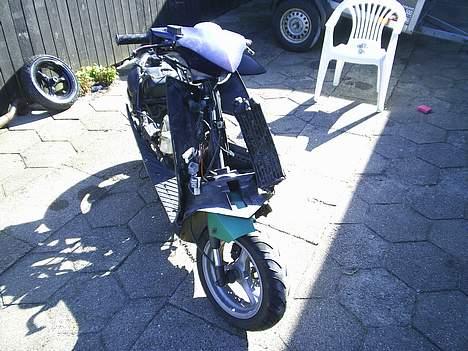Suzuki Estilete lc...SOLGT - der er ikke en køler på mere (den køler er ikke min) billede 7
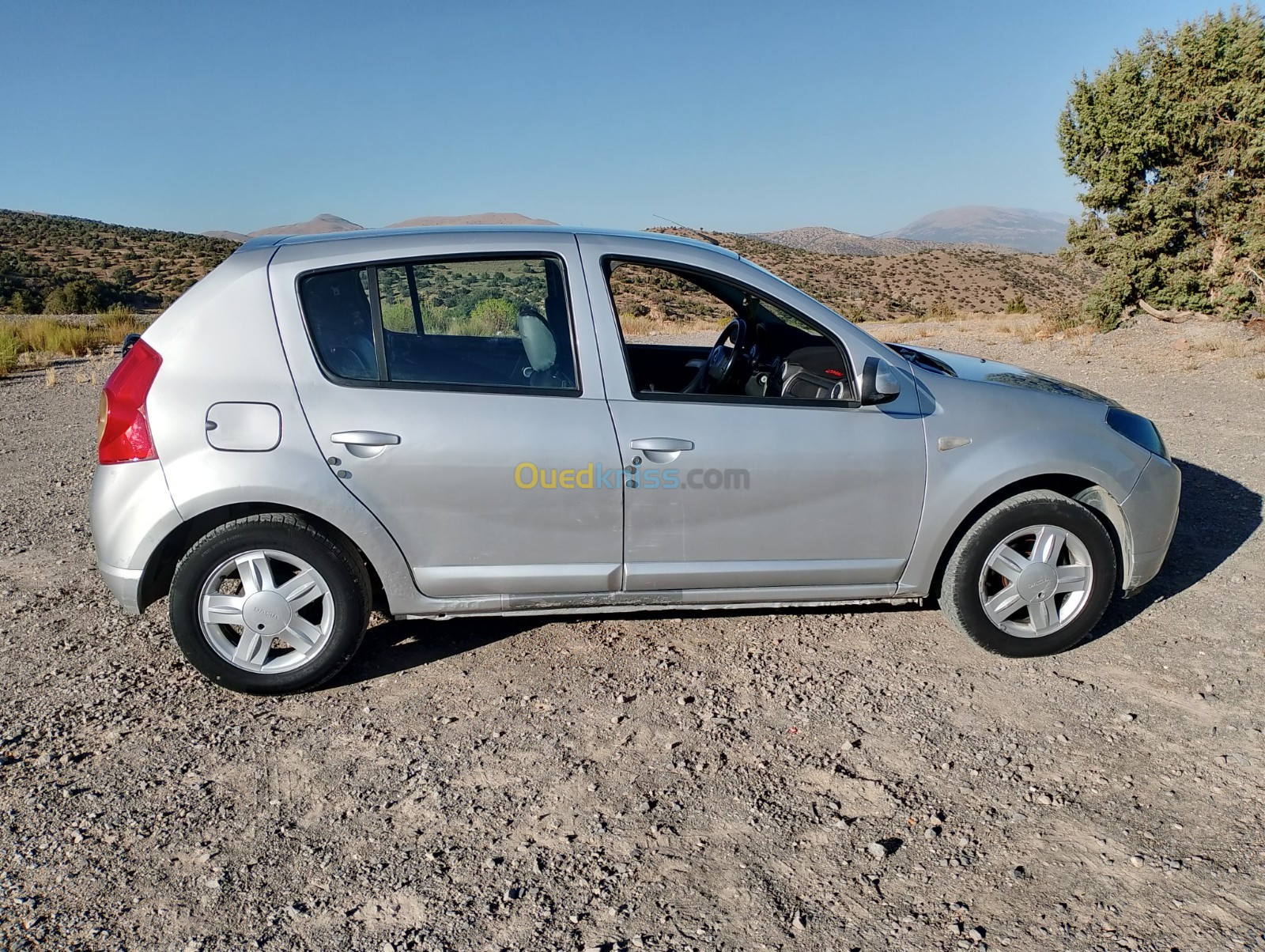 Dacia Sandero 2010 Black Line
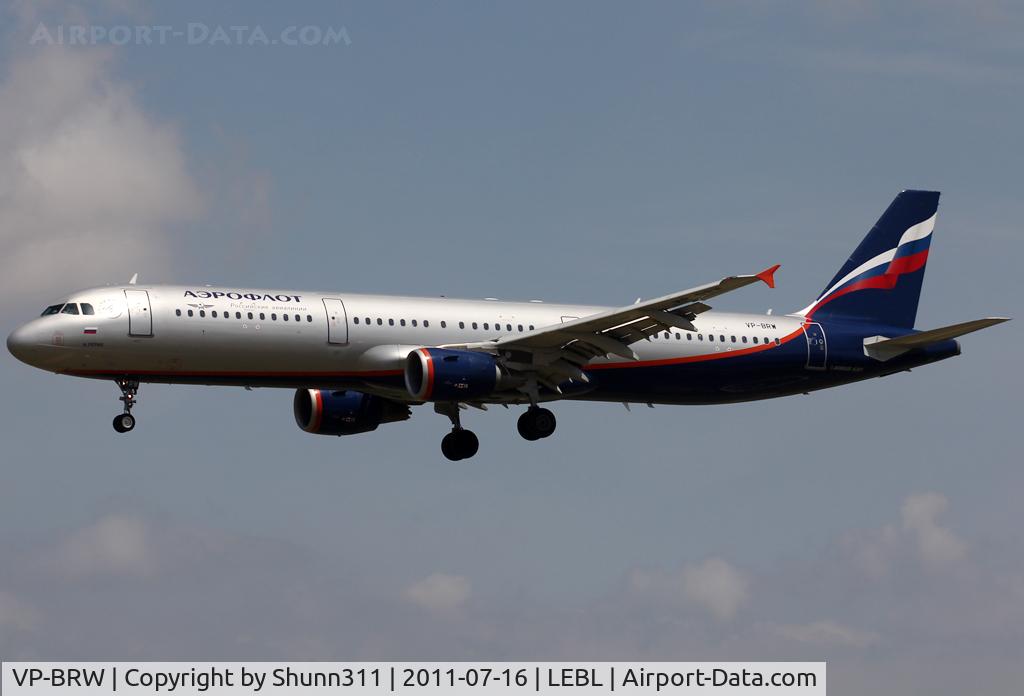 VP-BRW, 2007 Airbus A321-211 C/N 3191, Landing rwy 25R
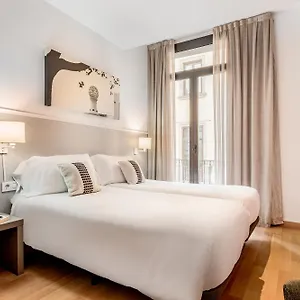 https://mh-apartments-opera-rambla.topbarcelonahotels.com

——————

Aim of the task:
Omitting the images, copy the listing exactly.

Answer to this exercise:
Suzuki Estilete lc...SOLGT - der er ikke en køler på mere (den køler er ikke min) billede 7
 Dacia Sandero 2010 Black Line
 VP-BRW, 2007 Airbus A321-211 C/N 3191, Landing rwy 25R
 https://mh-apartments-opera-rambla.topbarcelonahotels.com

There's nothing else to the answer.